Doornbach residents resist Covid-19 relocation plan

About 1,500 Dunoon families are to be moved to Winning Way

By Peter Luhanga

23 June 2020

Photo of a rubbish-strewn road

Doornbach residents upset with the plans to relocate 1,500 Dunoon families took to the streets on Monday and blocked Potsdam Road. Photo: Peter Luhanga

About 400 residents from Doornbach informal settlement protested over plans to relocate 1,500 families from Dunoon to Winning Way industrial park near to them. They also vented their anger over a lack of toilets and piped water.

Doornbach residents started gathering at 3am on Monday. They burnt tyres and strew trash across Potsdam Road. By 5am police had fired tear gas and rubber bullets to disperse them.

In April, Minister of Human Settlements, Water and Sanitation Lindiwe Sisulu announced government plans to relocate 1,500 families to Transitional Residential Units (TRUs) to mitigate the spread of Covid-19. Dunoon is overcrowded and considered a pandemic hotspot.

Hlokoma Ngqentsu, who moved into Doornbach informal settlement in 2002, was one of those leading the protest. Ngqentsu said they lived in squalid, overcrowded conditions with nine families to one bucket toilet and 30 families to a standpipe tap.

Another community leader, Fezeka Mrhwetyana, said she moved to Doornbach in 2003 and conditions have not improved in all the years since.

“We are unemployed. We cannot afford to buy sanitisers.
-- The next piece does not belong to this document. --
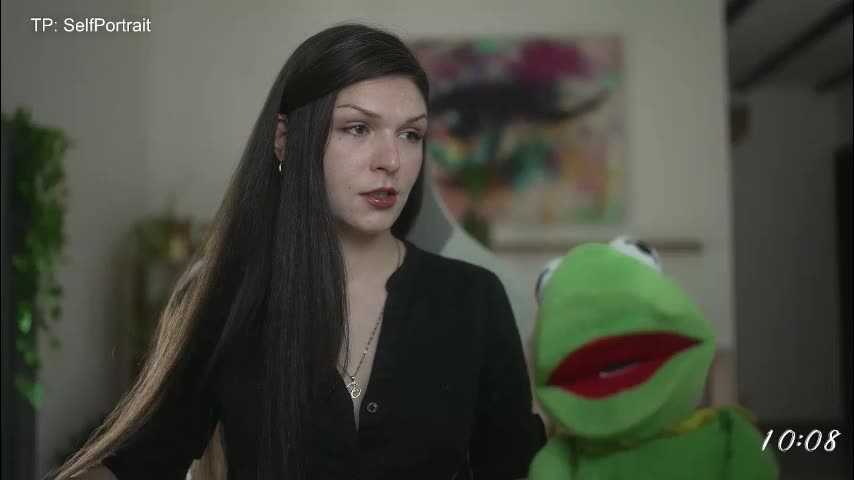 m1agarand Приват Записи 2026-04-12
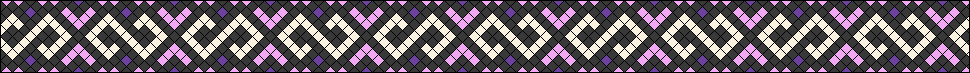 Normal pattern #168162 variation #366285 preview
During the day the water pressure is very low, how are we going to wash our hands with no water during the day?” asked Mrhwetyana.

She said that in 2016 the City had shared its plans to upgrade the settlement and recruited people to survey the households, yet nothing had come of this.

She said Doornbach residents had laid claim to the vacant land where the Dunoon residents are to be relocated.

The protesters handed a memorandum listing their grievances to a senior police officer giving the City five days to respond.

Mayco member for Human Settlements Malusi Booi said the City condemned the destruction of property and the impact the violent protests had on the broader community. “This is especially unacceptable in light of recent engagements in the area,” he said.

Booi said the Upgrading of Informal Settlements Project was “still active”.

“Any progress has always been dependent on creating the necessary physical space to upgrade the site with underground services, access ways, among others,” said Booi. He said the City hoped that de-densification plans by the provincial government would help speed up this project.

“Provided that it is not all derailed by organised land invasions on the sites in question,” he said.